DATA RECORDS
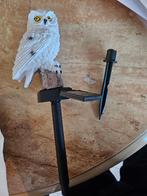 NIEUW. solar uil, Ophalen of Verzenden, Nieuw, Overige materialen, Dierenbeeld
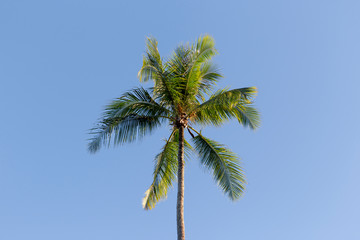 Single palm tree with blue sky background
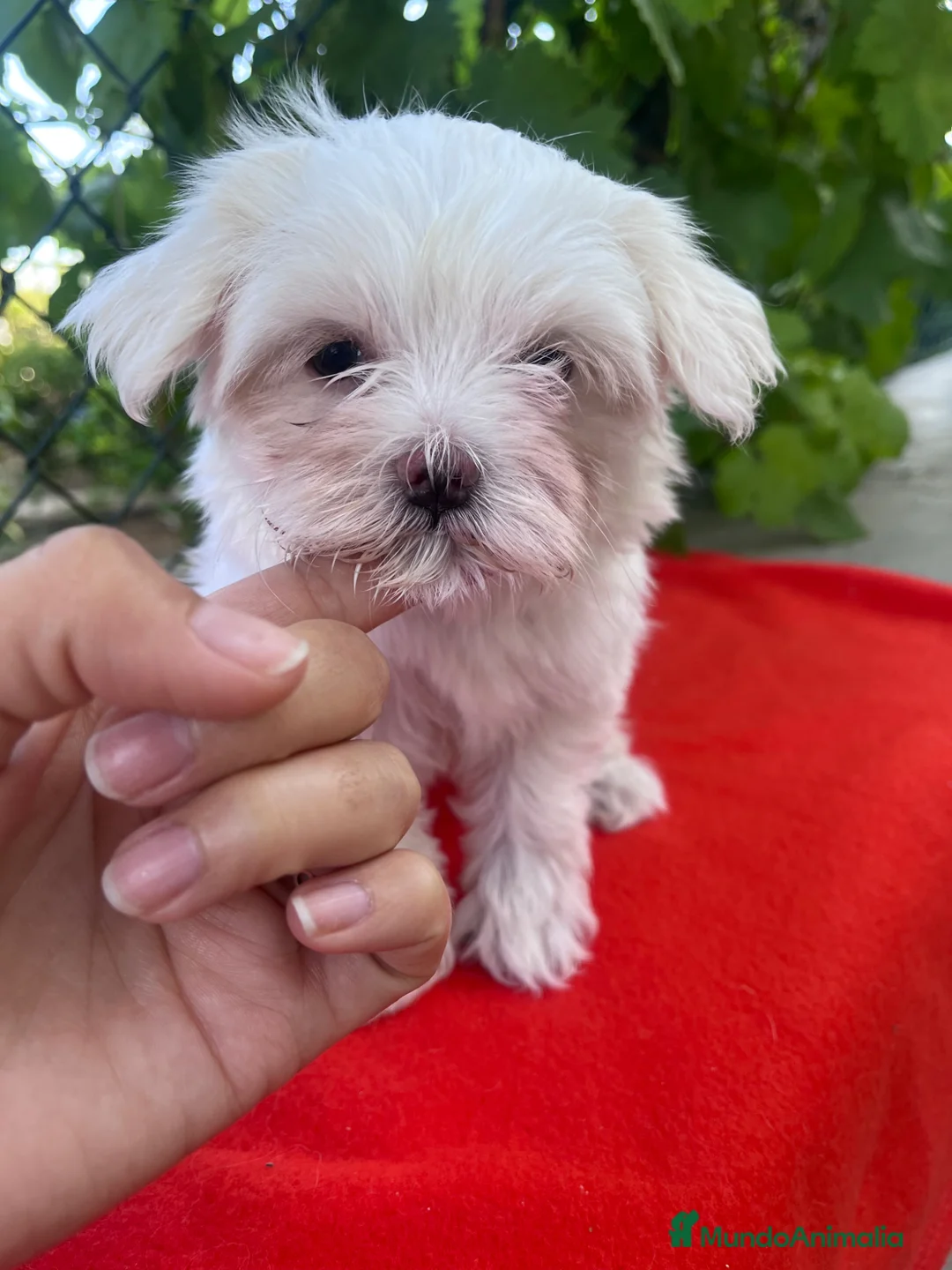 Bichón Maltés perros en venta: PRECIOSA BICHON MALTÉS MINI - Anuncio 2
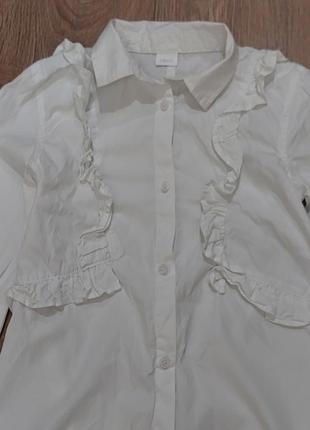 Блуза туника (101))3 фото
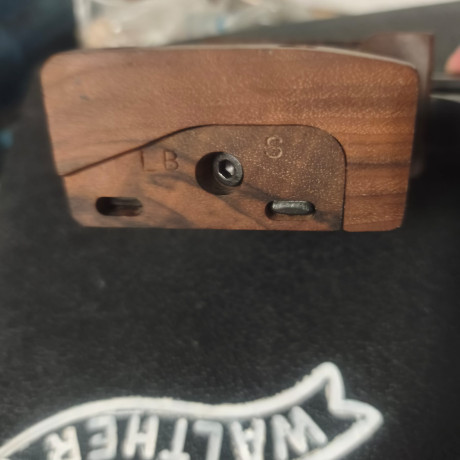 Cacha Walther GSP (Talla S)
Se vende cacha para pistola de competición Walther GSP.
Talla: S (Pequeña).
Estado: 30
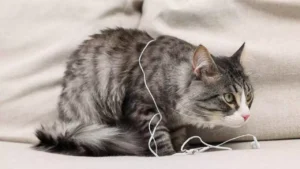 Does House Insurance Cover Pet Damage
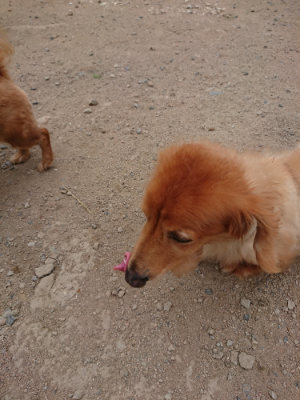 f:id:roukenhome-ann:20190814174531j:plain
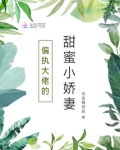 偏执大佬的甜蜜小娇妻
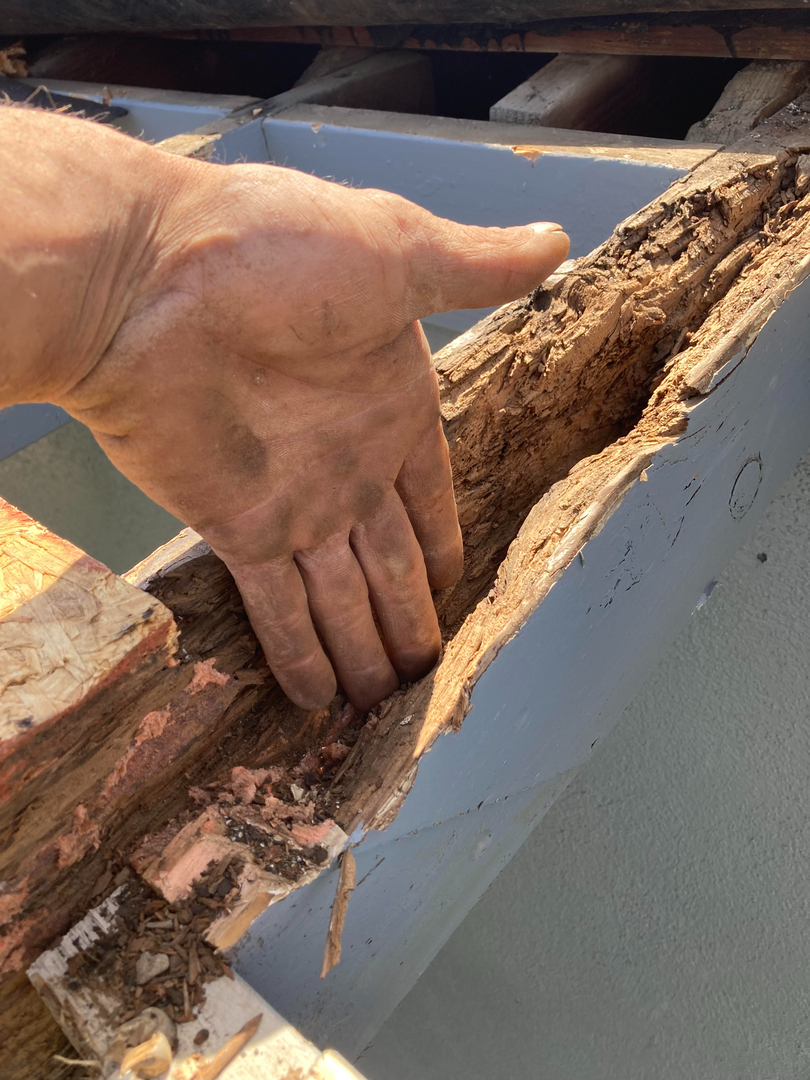 Reliable Termite Solutions - Turlock, CA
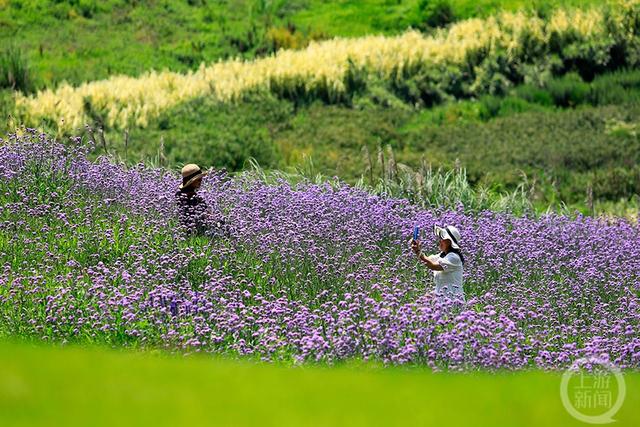 “盛夏”（53）｜上游主题摄影征稿作品展——张成勇作品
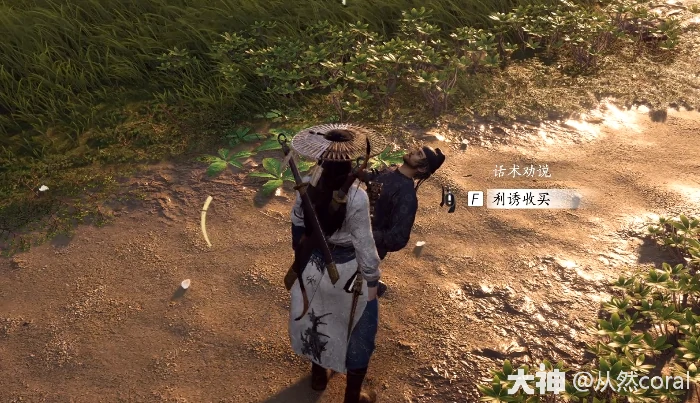 燕云十六声奇遇追光的人攻略,燕云十六声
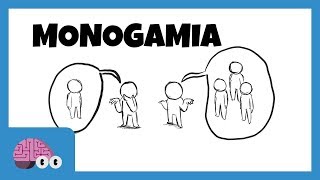 MONOGAMIA E POLIGAMIA [upl. by Berman]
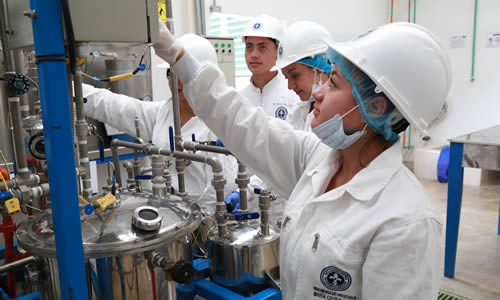 Perfil Profesional - Universidad Mariana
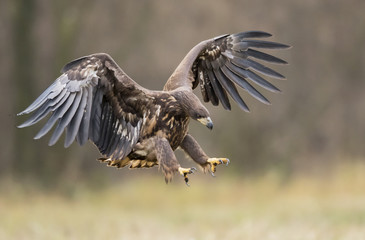 White tailed Eagle (Haliaeetus albicilla)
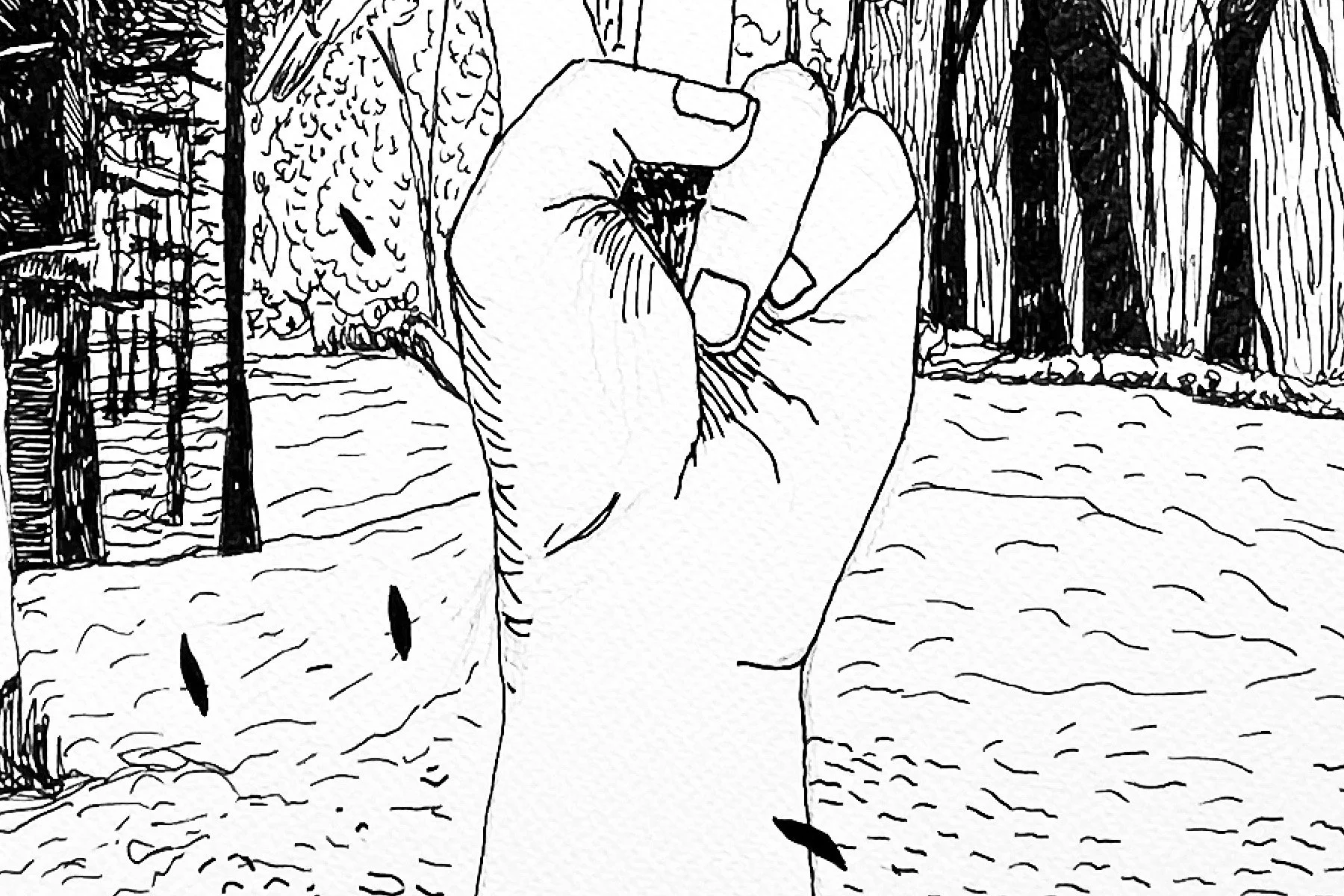 peace_4_mianelle.jpg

DESCRIPTION OF THE TASK
Provide an exact copy of the records, excluding every picture.

TASK SOLUTION
 NIEUW. solar uil, Ophalen of Verzenden, Nieuw, Overige materialen, Dierenbeeld
 Single palm tree with blue sky background
 Bichón Maltés perros en venta: PRECIOSA BICHON MALTÉS MINI - Anuncio 2
 Блуза туника (101))3 фото
 Cacha Walther GSP (Talla S)
Se vende cacha para pistola de competición Walther GSP.
Talla: S (Pequeña).
Estado: 30
 Does House Insurance Cover Pet Damage
 f:id:roukenhome-ann:20190814174531j:plain
 偏执大佬的甜蜜小娇妻
 Reliable Termite Solutions - Turlock, CA
 “盛夏”（53）｜上游主题摄影征稿作品展——张成勇作品
 燕云十六声奇遇追光的人攻略,燕云十六声
 MONOGAMIA E POLIGAMIA [upl. by Berman]
 Perfil Profesional - Universidad Mariana
 White tailed Eagle (Haliaeetus albicilla)
 peace_4_mianelle.jpg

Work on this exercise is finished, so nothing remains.